A chain of length d lies on a table, $d/4$ of it hangs loose on the side of it. Friction coefficient is 0.2. It is released and begins to slide. What is the final velocity with which it falls of the table?
My attempt:
$Wf = \bigtriangleup Ug = – \int_0^{0.75d} \! \mu_k g \frac{m}{d}(\frac{d}{4}+x) \, \mathrm{d}x = -0.4687\mu_k mgd$
Which is the change and loss in energy during the slide. My plan was to equate the initial gravitational potential energy to the final kinetic energy plus the energy lost from friction (calculated above), however there is no way to define the friction for the rope since it has two parts, with apparently distinct potential energies. Is there another way to do it?
Best Answer
The conceptual problem seems to be
Don't worry about the "distinct potential energies". You can just compute the gain in potential energy for each part separately. For the bit already hanging down, as the rope slides by a certain distance, the center of mass moves by that same distance. For the bit of rope that starts off horizontal, when the last part goes over the edge its center of mass has moved half as far.

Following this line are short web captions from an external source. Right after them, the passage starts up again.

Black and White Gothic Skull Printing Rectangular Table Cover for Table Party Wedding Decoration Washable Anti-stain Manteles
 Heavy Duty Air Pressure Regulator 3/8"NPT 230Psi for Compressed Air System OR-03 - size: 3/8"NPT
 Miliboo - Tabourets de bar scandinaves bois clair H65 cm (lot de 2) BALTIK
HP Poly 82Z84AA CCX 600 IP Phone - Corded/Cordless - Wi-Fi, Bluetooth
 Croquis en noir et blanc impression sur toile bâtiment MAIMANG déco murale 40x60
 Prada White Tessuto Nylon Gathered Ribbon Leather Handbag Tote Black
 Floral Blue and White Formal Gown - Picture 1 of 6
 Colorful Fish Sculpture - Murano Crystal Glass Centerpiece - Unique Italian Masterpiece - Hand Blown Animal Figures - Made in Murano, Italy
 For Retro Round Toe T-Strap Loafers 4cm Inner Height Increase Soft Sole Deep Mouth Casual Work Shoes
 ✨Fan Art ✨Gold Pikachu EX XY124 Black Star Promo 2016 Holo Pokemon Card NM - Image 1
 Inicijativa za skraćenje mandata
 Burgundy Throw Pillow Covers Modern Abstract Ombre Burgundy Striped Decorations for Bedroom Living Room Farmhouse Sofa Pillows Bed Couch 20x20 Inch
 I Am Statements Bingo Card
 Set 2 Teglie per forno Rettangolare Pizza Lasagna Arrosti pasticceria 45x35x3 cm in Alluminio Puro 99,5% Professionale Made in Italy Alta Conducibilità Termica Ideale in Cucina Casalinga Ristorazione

That leaves the calculation of the work done by friction. If you consider your chain like a train with lots of cars, then for each car in the train you can consider the work done due to friction. In other words - for an infinitesimal element $d\ell$ that starts out at a distance $x$ from the edge, the force of friction is $\mu \frac{d\ell}{L} m g$ and the work done is $F \cdot x$.
Summing the work for all these elements will give you the total work done. That is a simple integral.
In the spirit of "homework like questions", I will leave you with these hints.